# Source records
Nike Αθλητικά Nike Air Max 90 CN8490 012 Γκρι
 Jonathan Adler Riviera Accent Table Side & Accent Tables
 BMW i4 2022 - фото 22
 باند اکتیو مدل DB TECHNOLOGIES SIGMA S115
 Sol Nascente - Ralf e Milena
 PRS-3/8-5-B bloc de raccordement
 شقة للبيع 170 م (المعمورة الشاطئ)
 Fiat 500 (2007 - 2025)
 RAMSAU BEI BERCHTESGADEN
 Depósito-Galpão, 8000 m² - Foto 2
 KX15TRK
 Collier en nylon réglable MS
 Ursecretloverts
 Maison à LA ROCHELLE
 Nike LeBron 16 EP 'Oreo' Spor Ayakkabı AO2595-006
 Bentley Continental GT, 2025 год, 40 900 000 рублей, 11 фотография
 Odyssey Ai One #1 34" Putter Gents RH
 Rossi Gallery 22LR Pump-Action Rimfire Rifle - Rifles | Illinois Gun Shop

# Problem description
Each line from the one containing "Bentley Continental GT, 2025" through the end of the material must be returned exactly; no other line should appear.

# Task solution
 Bentley Continental GT, 2025 год, 40 900 000 рублей, 11 фотография
 Odyssey Ai One #1 34" Putter Gents RH
 Rossi Gallery 22LR Pump-Action Rimfire Rifle - Rifles | Illinois Gun Shop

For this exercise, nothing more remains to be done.